• YOUR INSTRUCTIONS: Beginning with the line containing "韓国子ども服 degreen ロンT XXL" and ending at the last line of the records, transcribe each line exactly. Do not include pictures.

Image-text web data:
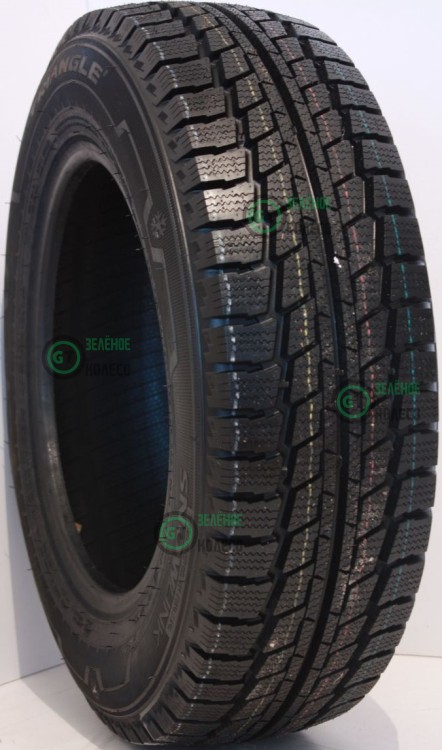 Шина Triangle SnowLink LL01 215/75 R16 липучка в Омске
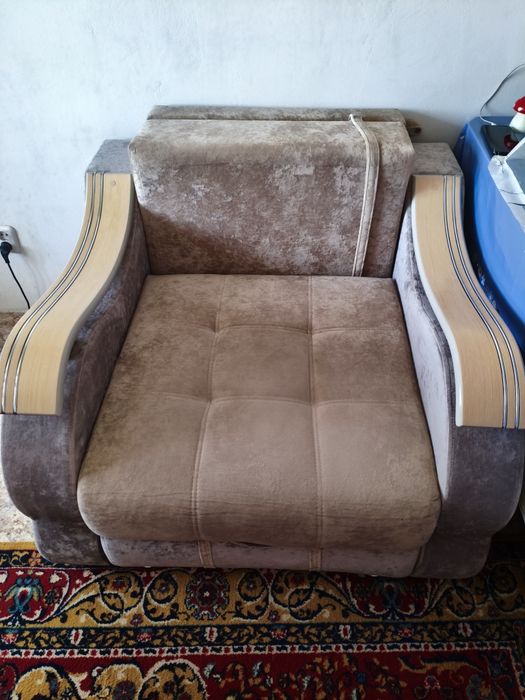Продам кресло-кровать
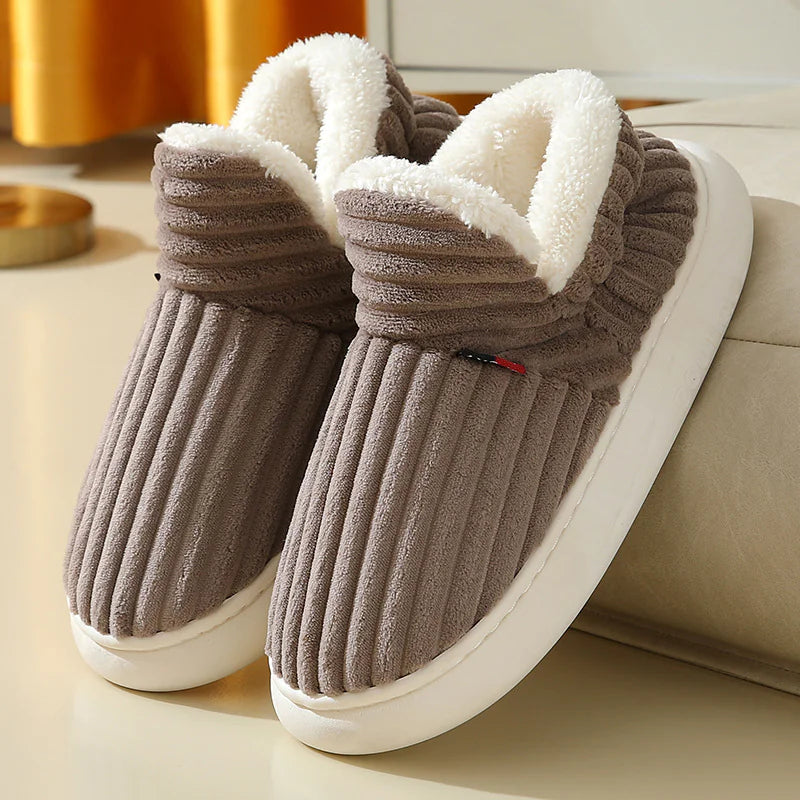 Cotton Slipper Shoes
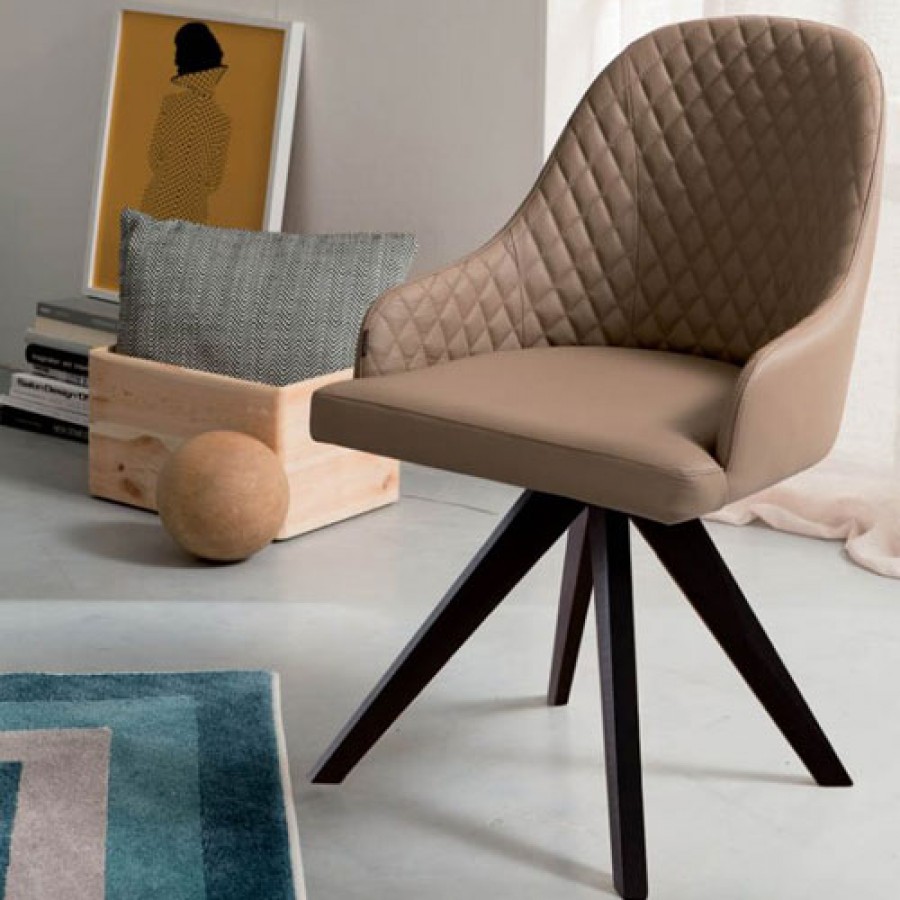 Scaun pentru dining Ozzio Italia, Olimpia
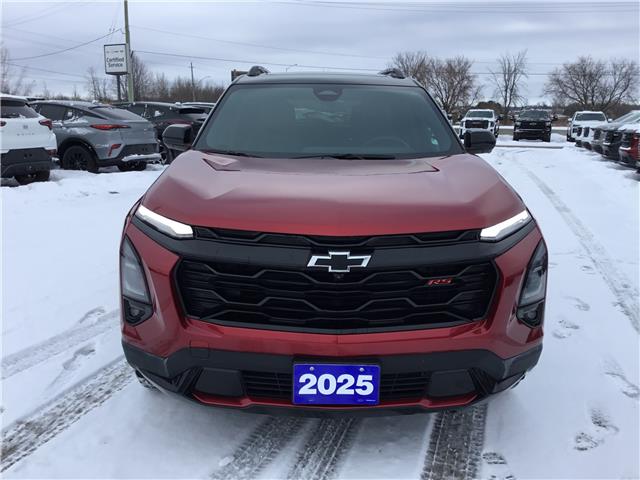 2025 Chevrolet Equinox RS (Stk: S2749) in Cornwall - Image 29 of 30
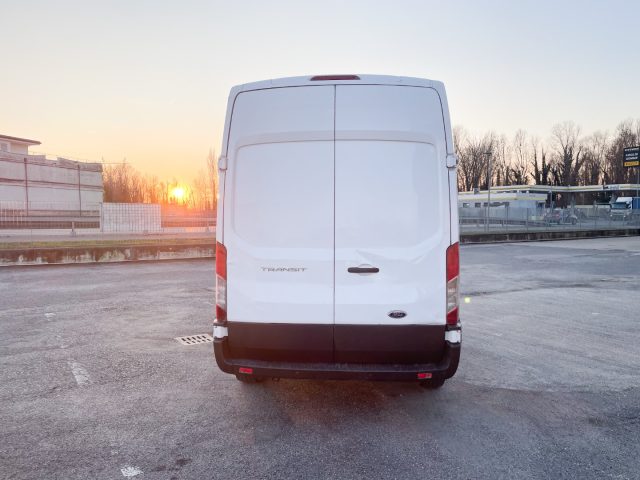 FORD Transit usata, con Climatizzatore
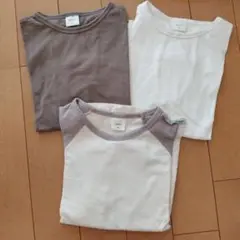 韓国子ども服 degreen ロンT XXL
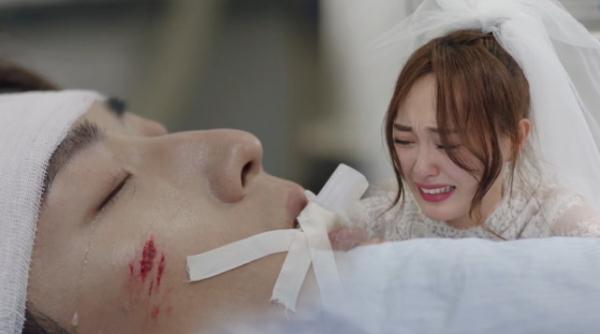 时间都知道：窦骁车祸唐嫣殉情 时简重生回到十年后泪崩抱叶珈成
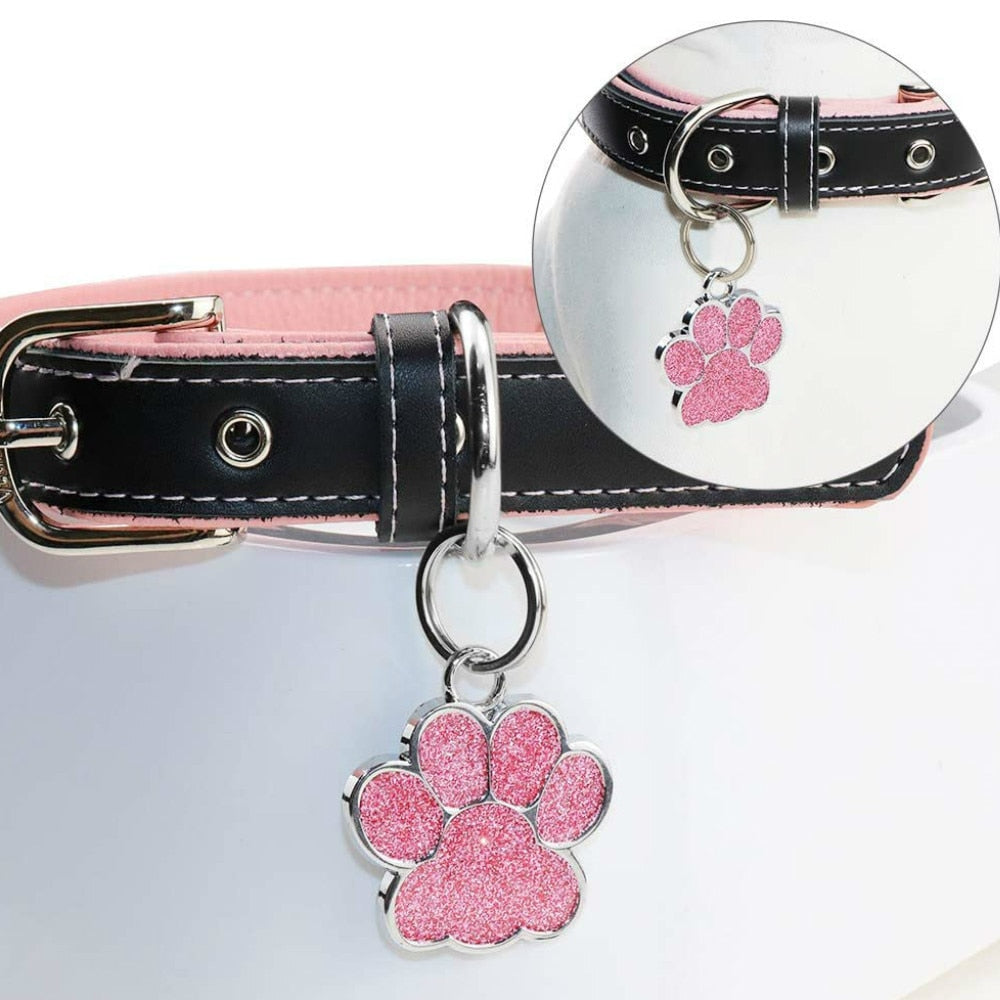 Personalized Engraved Pet Collar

• OUTPUT BELOW:
 韓国子ども服 degreen ロンT XXL
 时间都知道：窦骁车祸唐嫣殉情 时简重生回到十年后泪崩抱叶珈成
 Personalized Engraved Pet Collar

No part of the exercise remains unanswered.